I feel scared when i think about our relationship, whether to take her back or not, i really fear to be hurt again, because she left me for other guys without any reason.

I'm really stuck in two worlds of taking her back or not, and who should make a move between me and him.
Need help on this

amicon
Nov 4, 2009, 08:23 AM
Dont think of getting back with her-she s already hurt you once by leaving you for other guys. No point in risking more heartbreak.

Imabadman
Nov 4, 2009, 10:34 AM
I'd move on. To quote you, "I feel scared when i think about our relationship, whether to take her back or not, I really fear to be hurt again, because she left me for other guys without any reason."

First you have no relationship. Second, by being there and pining for her each time it sends the message that you except her disrespect and cheating ways and will continue to do so. Third, she did it before. You allowed it without repercussions, therefore she'll do it again as soon as a man presents a challenge.

Seriously dude… I know you're hurt and alone but think with your brain not your ding ding.

talaniman
Nov 4, 2009, 05:39 PM
Leave her alone buddy, especially her lips.

ITstudent2006
Nov 4, 2009, 05:52 PM
Now here I guess is where I am different than most people. If someone make syou feel special, in love, whatever you call it. Isn't it worth the risk of haert-break? Yes, she's hurt you once but your feelings for her havent changed and you still want her. ( i know you do becuse if you didnt you wouldnt have posted anything). It's up to to make a decision is the feelings you have for her worth another heartbreak? Can you believe her if she says she'll change?
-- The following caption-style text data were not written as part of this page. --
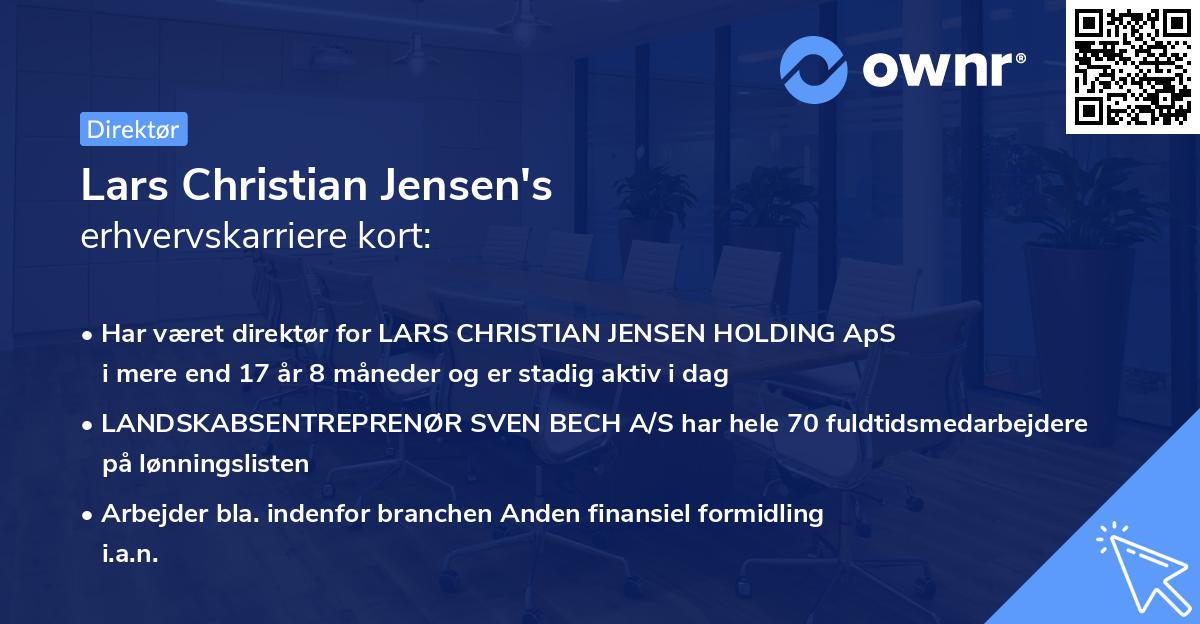 Lars Christian Jensen's erhvervskarriere kort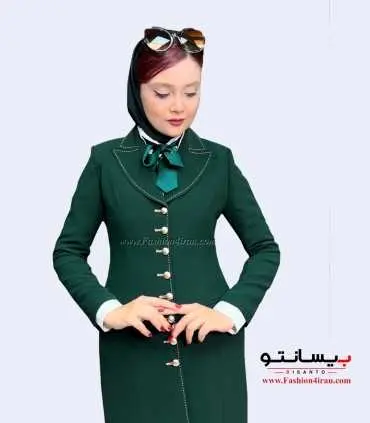 مانتو شلوار زنانه کرپ سبز لجنی طلایی کد 119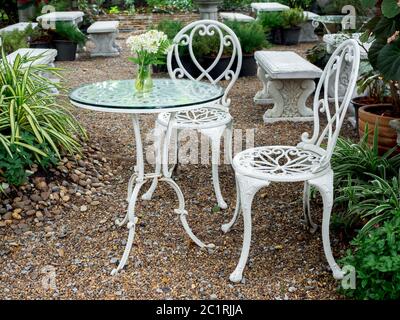 Table en fer forgé blanc avec fleur blanche dans vase sur verre et chaise de style vintage dans le jardin. Banque D'Images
I am not saying go for her I am just laying all your options on the line because I realize that all people are different and while most people on this forum will advise you to stay away, I advise you to wiegh your options with your feelings and your feelings of risking heartbreak.

Only you know whats best for you. Only you can make this decision in the end. I just want to make sure you've wrapped your head around everythin you could before making this decision.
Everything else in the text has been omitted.